→ WHAT THE TASK ASKS
The answer must consist solely of the lines from the one with "Alfombrilla de Secado" through the last line of the data, copied exactly, with no pictures.

**** RECORDS ****

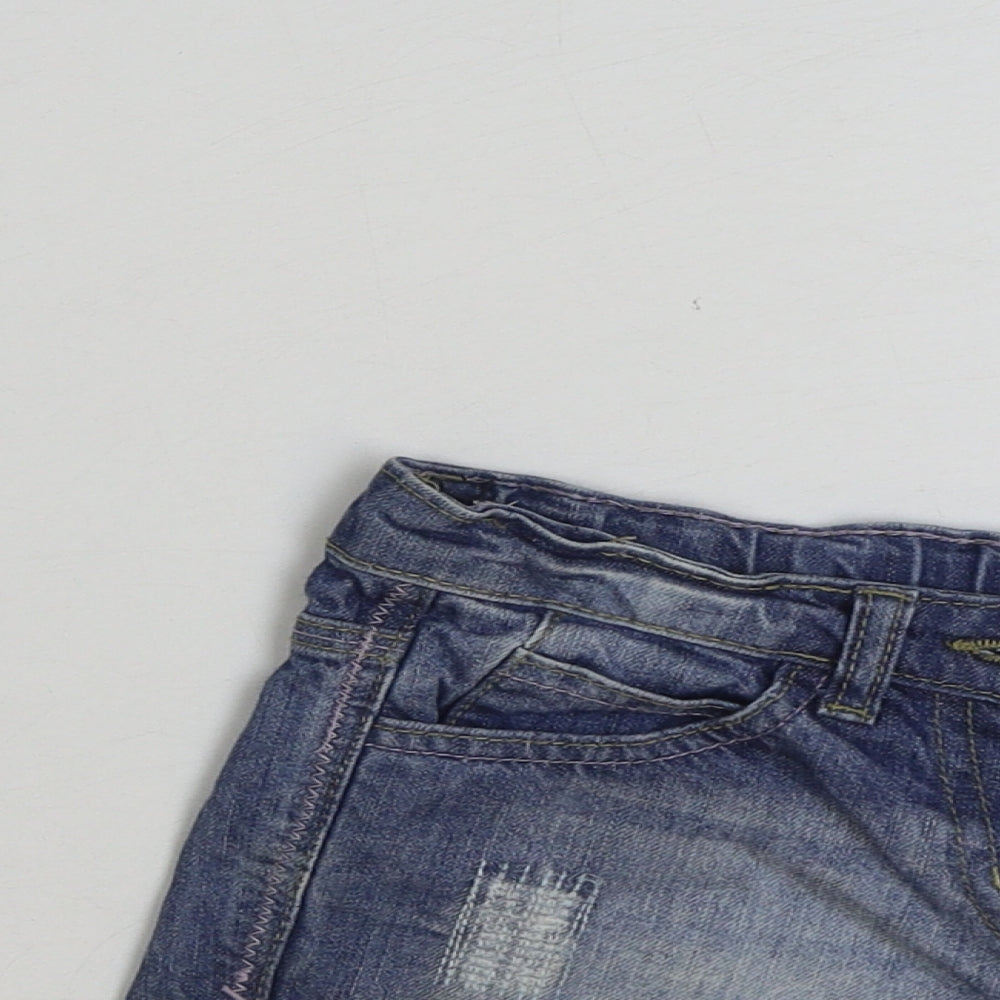 John Lewis Womens Blue Cotton Bermuda Shorts Size 8 L3 in Regular Button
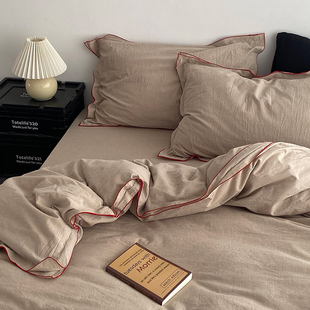 素尺 极简四季通用100全棉纯棉床上四件套床笠床单被套床品三件套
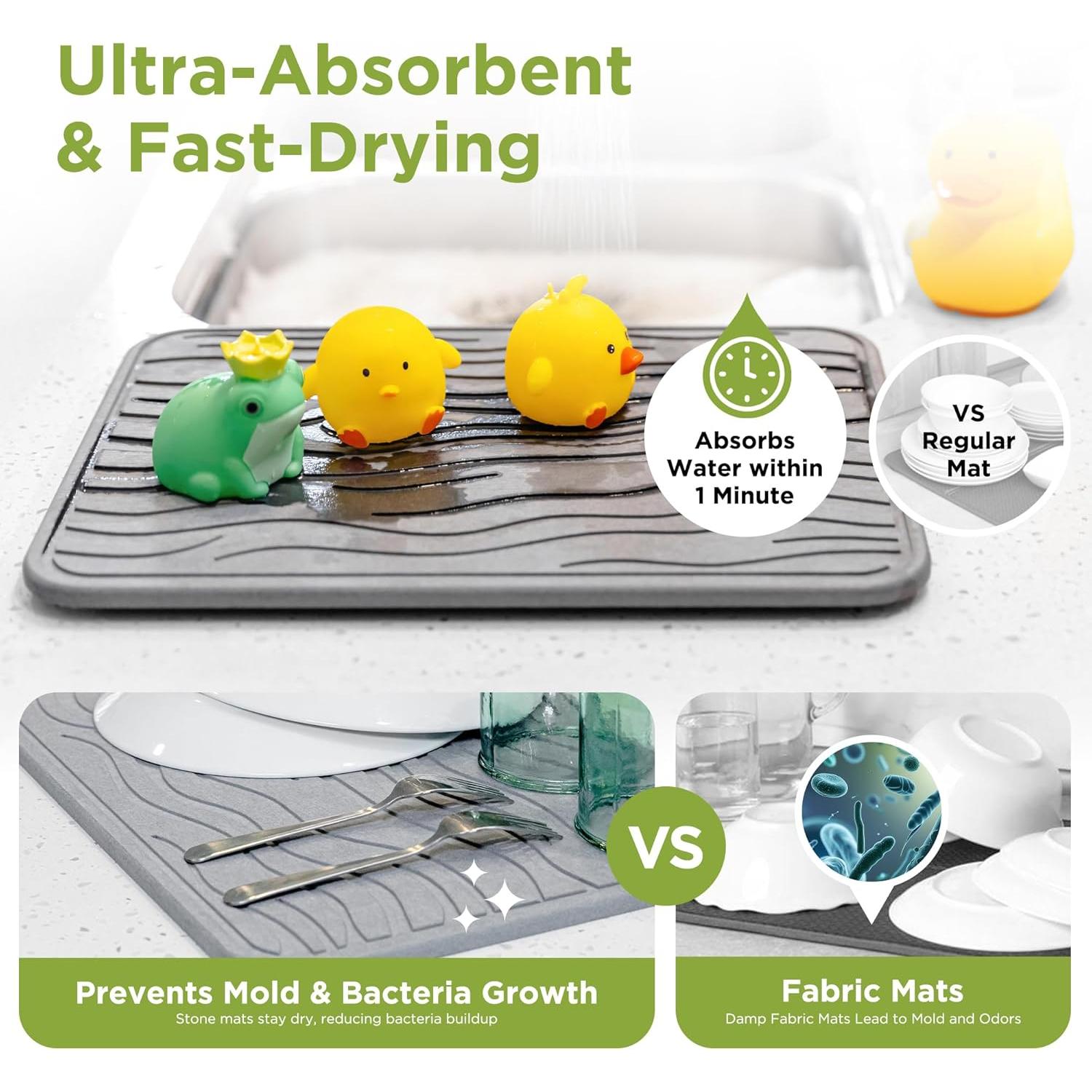 Alfombrilla de Secado de Platos Diatomácea Gris 40x30 cm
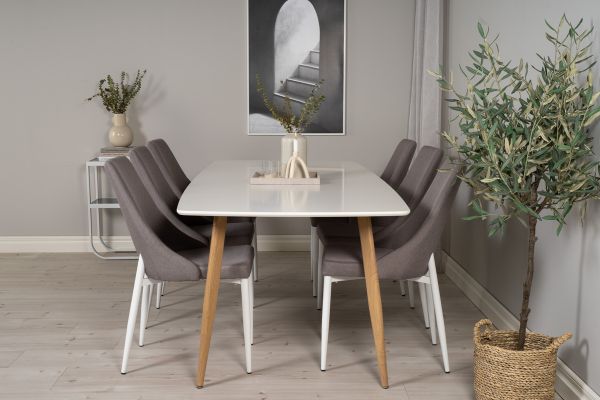 Imagine Vă rog să traduceți complet Polar table Elipse - 240cm White /Oak +Leone 2.0 Polar Grey - White Legs _6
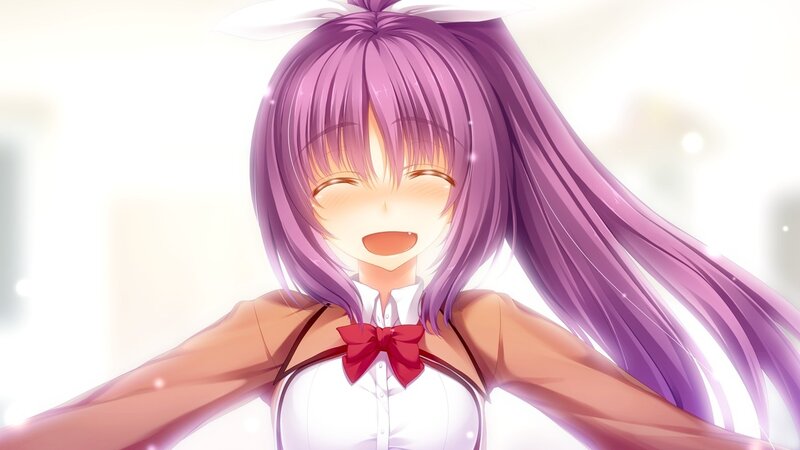 purple-haired anime girl smiling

****

→ YOUR RESPONSE
 Alfombrilla de Secado de Platos Diatomácea Gris 40x30 cm
 Imagine Vă rog să traduceți complet Polar table Elipse - 240cm White /Oak +Leone 2.0 Polar Grey - White Legs _6
 purple-haired anime girl smiling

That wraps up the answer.